Mr. Beresford said vulnerabilities like those in the SAFEA database were rife on Chinese government and private-sector networks.
He said computer administrators at another Chinese state agency, the Institute for High Energy Physics, part of the Chinese Academy of Science, had “not updated their [Web] server for a couple of years.” The program they use to run the site was outdated and vulnerable to being hacked.
“You could get in” to the institute’s Web server using that flaw and then “access any computer that’s connected to the [institute’s] internal network,” he said.
He added that a similar security risk existed on the network of a high-security defense institution, which he declined to name because he had not had the opportunity to notify them of the breach.
Mr. Beresford said he was acting out of a desire to improve computer security and transparency about it in China.
“I am notifying them of everything I find,” he said, “I am trying to go through the proper channels.”
In recent days, he has sent Chinese a steady stream of email messages about the vulnerabilities that he finds using custom-designed tools that automatically scan the Internet looking for flaws and other gaps in security.
U.S. intelligence officials think China’s military collaborates with hacker groups in conducting widespread industrial espionage and other spying against foreign firms.
But the vulnerabilities Mr.
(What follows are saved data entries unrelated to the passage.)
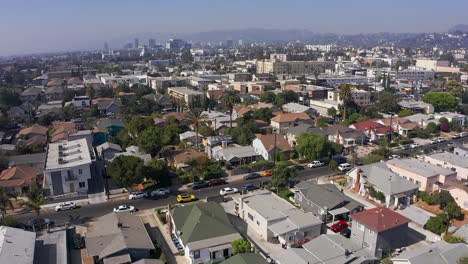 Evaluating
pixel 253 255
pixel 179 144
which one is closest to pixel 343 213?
pixel 253 255

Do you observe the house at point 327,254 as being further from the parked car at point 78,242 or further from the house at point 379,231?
the parked car at point 78,242

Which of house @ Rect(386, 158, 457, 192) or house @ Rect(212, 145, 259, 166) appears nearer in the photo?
house @ Rect(386, 158, 457, 192)

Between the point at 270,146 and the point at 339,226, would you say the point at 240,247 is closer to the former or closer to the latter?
the point at 339,226

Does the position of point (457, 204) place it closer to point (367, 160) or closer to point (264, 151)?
point (367, 160)

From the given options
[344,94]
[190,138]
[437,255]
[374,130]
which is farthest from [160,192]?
[344,94]

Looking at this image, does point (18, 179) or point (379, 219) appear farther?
point (18, 179)

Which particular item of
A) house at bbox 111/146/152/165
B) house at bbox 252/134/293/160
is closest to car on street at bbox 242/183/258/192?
house at bbox 252/134/293/160

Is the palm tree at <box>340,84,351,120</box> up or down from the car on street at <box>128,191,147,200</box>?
up

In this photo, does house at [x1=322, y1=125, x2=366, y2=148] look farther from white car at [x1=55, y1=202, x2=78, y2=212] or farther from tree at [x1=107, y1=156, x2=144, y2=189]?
white car at [x1=55, y1=202, x2=78, y2=212] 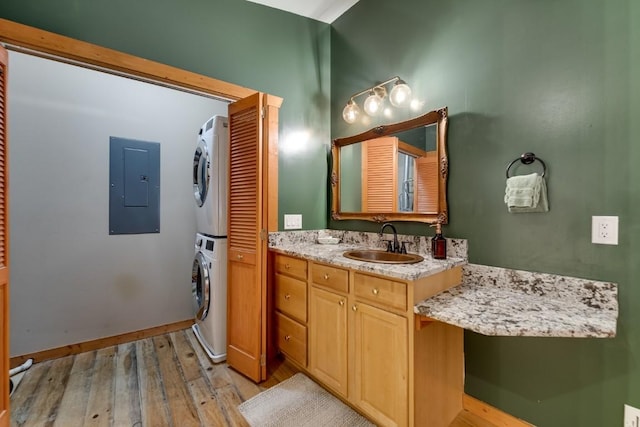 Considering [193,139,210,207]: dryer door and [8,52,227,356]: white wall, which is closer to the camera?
[8,52,227,356]: white wall

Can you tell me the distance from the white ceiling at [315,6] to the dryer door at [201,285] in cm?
222

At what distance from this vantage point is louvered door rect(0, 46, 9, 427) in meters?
1.45

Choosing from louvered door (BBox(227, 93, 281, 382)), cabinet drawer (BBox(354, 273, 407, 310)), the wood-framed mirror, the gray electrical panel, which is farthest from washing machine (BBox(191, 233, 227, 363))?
cabinet drawer (BBox(354, 273, 407, 310))

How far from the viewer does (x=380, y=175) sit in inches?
88.5

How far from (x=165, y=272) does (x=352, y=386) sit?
2.24 meters

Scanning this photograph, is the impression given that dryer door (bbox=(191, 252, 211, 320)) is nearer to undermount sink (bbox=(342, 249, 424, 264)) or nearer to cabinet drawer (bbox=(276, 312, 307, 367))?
cabinet drawer (bbox=(276, 312, 307, 367))

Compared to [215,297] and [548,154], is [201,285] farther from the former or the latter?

Beresford has uncovered reveal another aspect of the picture.
Despite the enormous efforts of the Chinese government to lock down the Internet in their country against dissenters and enemies, government computer networks there are vulnerable in many of the same ways as their Western counterparts.
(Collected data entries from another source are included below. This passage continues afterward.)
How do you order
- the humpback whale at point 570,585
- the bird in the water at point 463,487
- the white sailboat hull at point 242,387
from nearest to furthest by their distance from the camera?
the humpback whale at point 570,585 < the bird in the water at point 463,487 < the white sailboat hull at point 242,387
“In recent years, the Internet has been developing dramatically in China,” CN-CERT’s Mr. He said in email. “Many departments and local branches of the Chinese government have established their own websites, which inevitably increases the possibility of crackers exploiting these websites’ vulnerabilities and carrying out attacks.”
Mr. He and Mr. Fu expressed gratitude to Mr. Beresford for bringing the vulnerabilities to their attention. “I hope this case will be a good lesson to many [in the] Chinese government, especially for the seems-healthy ministry Web system,” Mr. He added.
The vulnerabilities exposed by Mr. Beresford also have implications for Chinese national security.
He has provided Chinese authorities with a list of 12,000 devices - including webcams, computer routing switches and Internet telephones - that are using a vulnerable version of a special software program called VxWorks.
The program controls the devices. But in the vulnerable version, an attacker can get control and turn webcams into surveillance cameras and Internet phones into eavesdropping devices, Mr. Beresford said.
He said it was difficult to tell exactly which departments or agencies the vulnerable devices were located, but many of them were on networks used by the Chinese military. “You could eavesdrop on any office where a computer that is using one of these devices is located,” he said.
Mr. Beresford said he hoped the impact of his work would encourage Beijing to “tone down its aggression in cyberspace” and improve relations between security researchers in China and the U.S. “Both countries are vulnerable,” he said.
Analysts say there are some signs that the Chinese recognize that, which is why they have begun to explore an international legal framework for cybersecurity.
In mid-2009, China reached out through semiofficial channels to start a dialogue on the issue with Washington specialists and former national security officials, a participant confirmed to The Times.
James A. Lewis of the Center for Strategic and International Studies, the former U.S. diplomat to whom the Chinese originally reached out, said several sessions of exploratory talks had been held. “They are very aware of their vulnerabilities,” he told The Times.
“It’s actually a good thing,” Mr. Lewis said. “Both countries are afraid about cybersecurity, and that shared fear gives us a basis for negotiation.”